----- EXTRACTED DATA -----
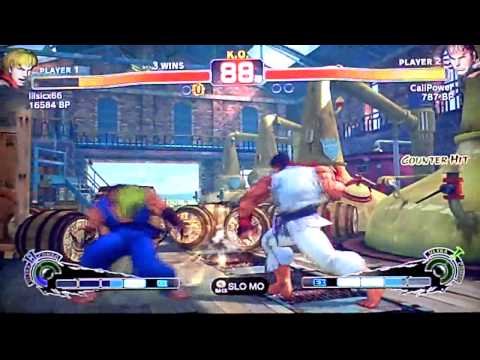 lilsicx66 vs CaliPower.avi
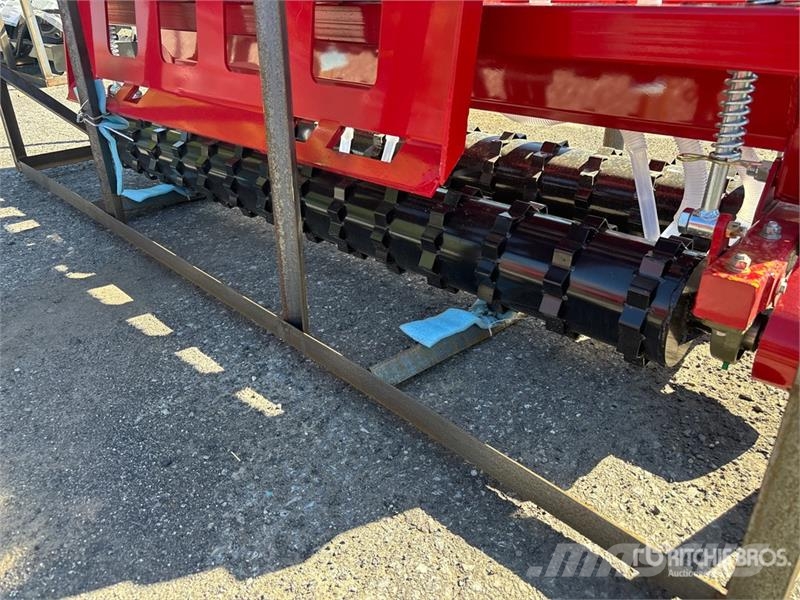 AGT STSD10 3-Point & Skid Steer Seeder (Unused) Mechanické sejačky
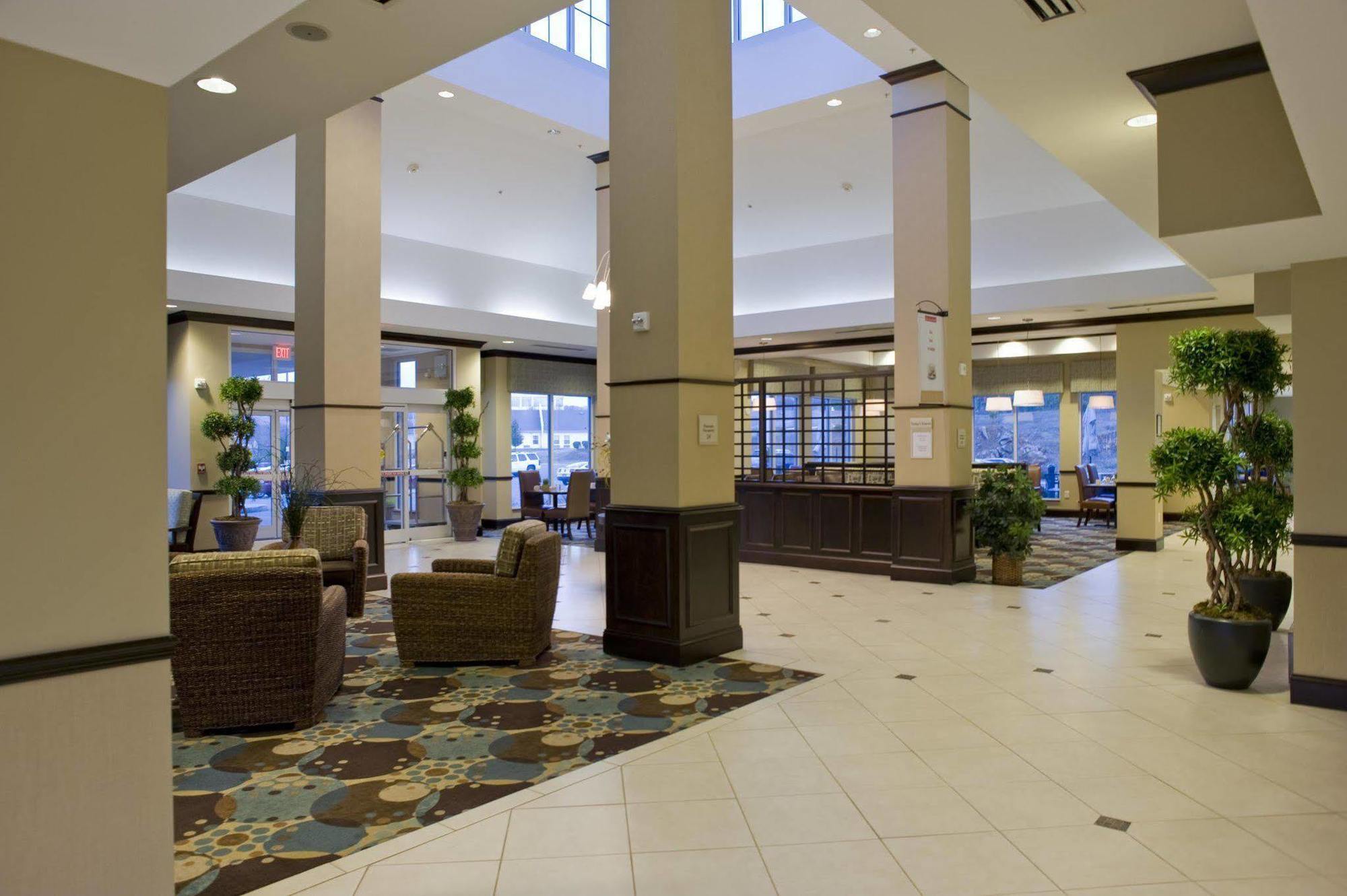 Hilton Garden Inn Huntsville South/Redstone Arsenal Inreriör bild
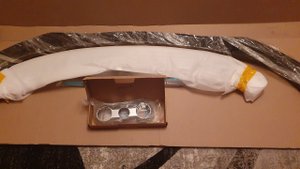 ПОСЫЛКА ДЕШЕВОГО ТЮНИНГА НА КИА РИО (KIA RIO 2020) KIA RIO 4 FB тюнинг честный отзыв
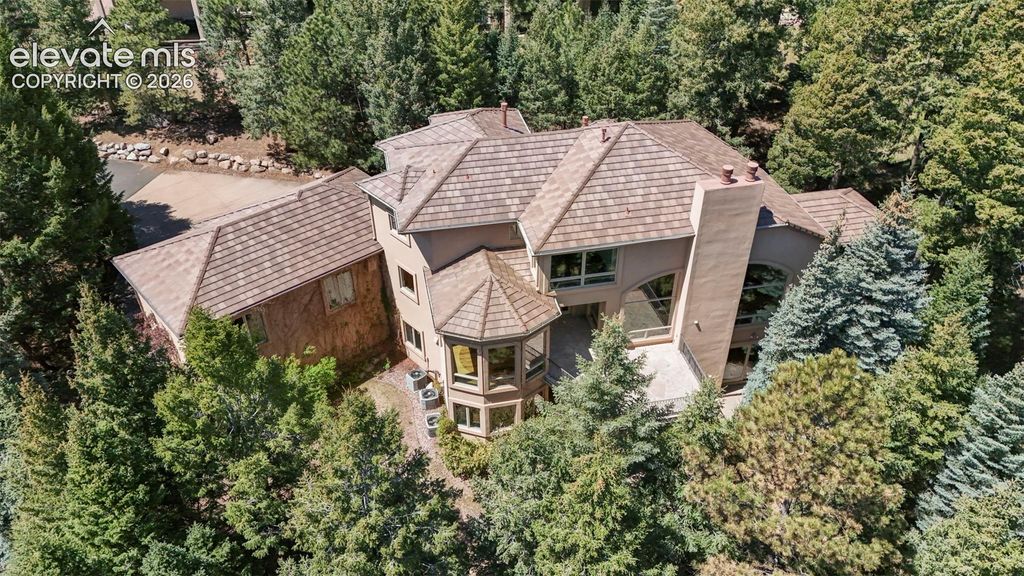 4890 Broadlake View, Colorado Springs, CO 80906 — exterior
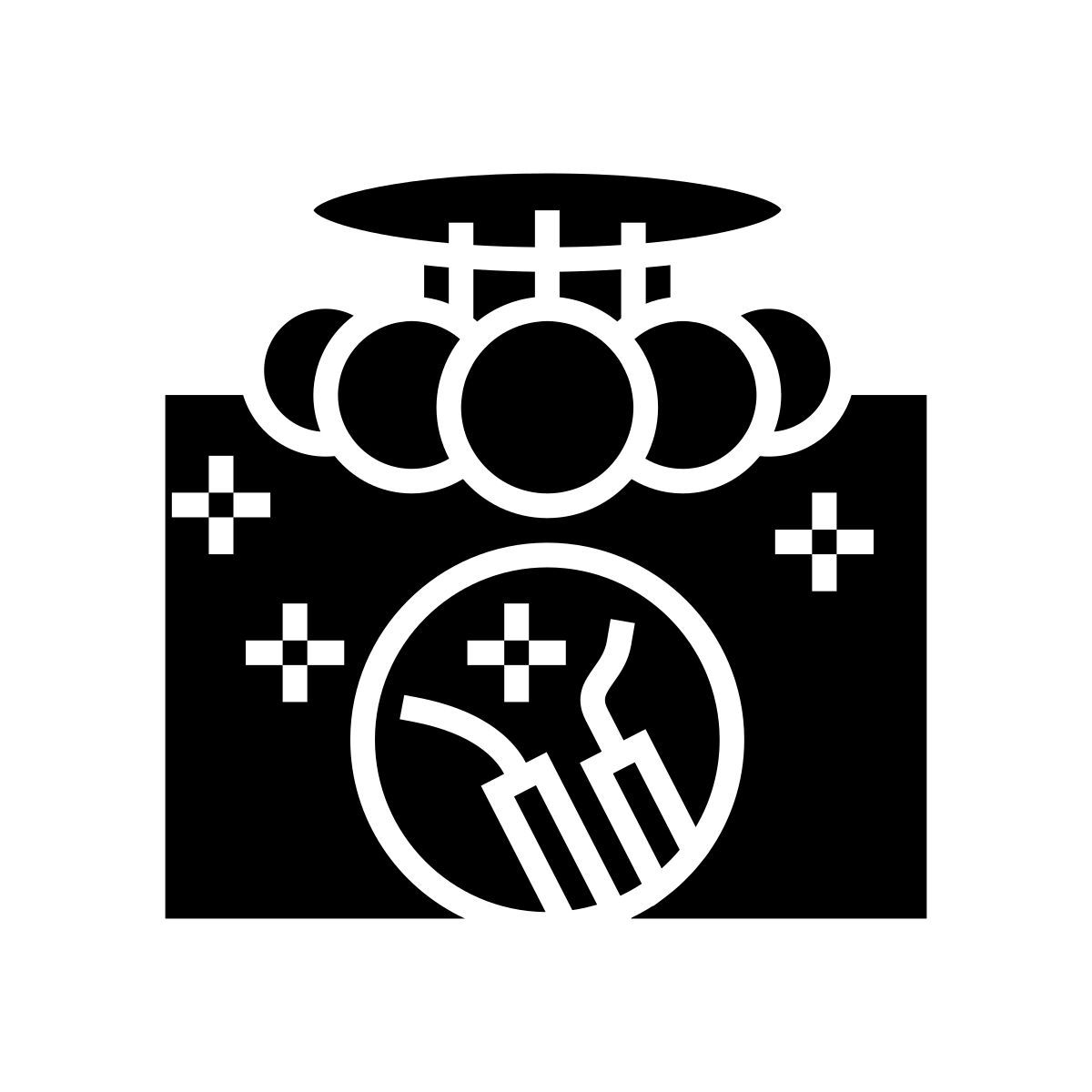 reparación de artefactos de iluminación icon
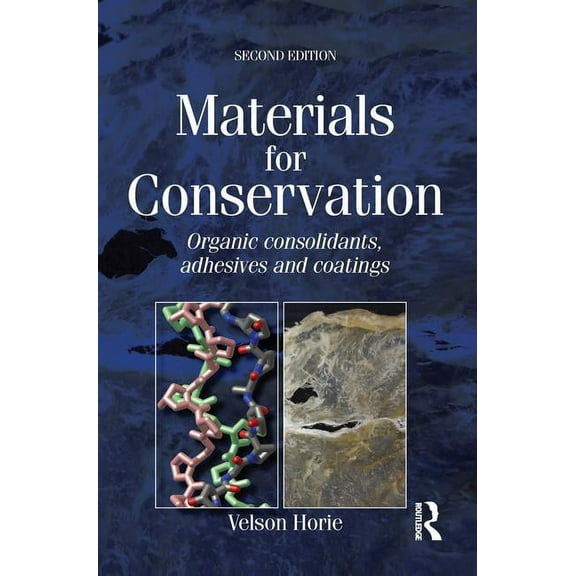 Materials for Conservation, (Hardcover)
-----
• _ABOUT THIS EXERCISE_
Apart from the images, the entries above must be returned without alteration.

• _SOLUTION TO THE PROBLEM_
 lilsicx66 vs CaliPower.avi
 AGT STSD10 3-Point & Skid Steer Seeder (Unused) Mechanické sejačky
 Hilton Garden Inn Huntsville South/Redstone Arsenal Inreriör bild
 ПОСЫЛКА ДЕШЕВОГО ТЮНИНГА НА КИА РИО (KIA RIO 2020) KIA RIO 4 FB тюнинг честный отзыв
 4890 Broadlake View, Colorado Springs, CO 80906 — exterior
 reparación de artefactos de iluminación icon
 Materials for Conservation, (Hardcover)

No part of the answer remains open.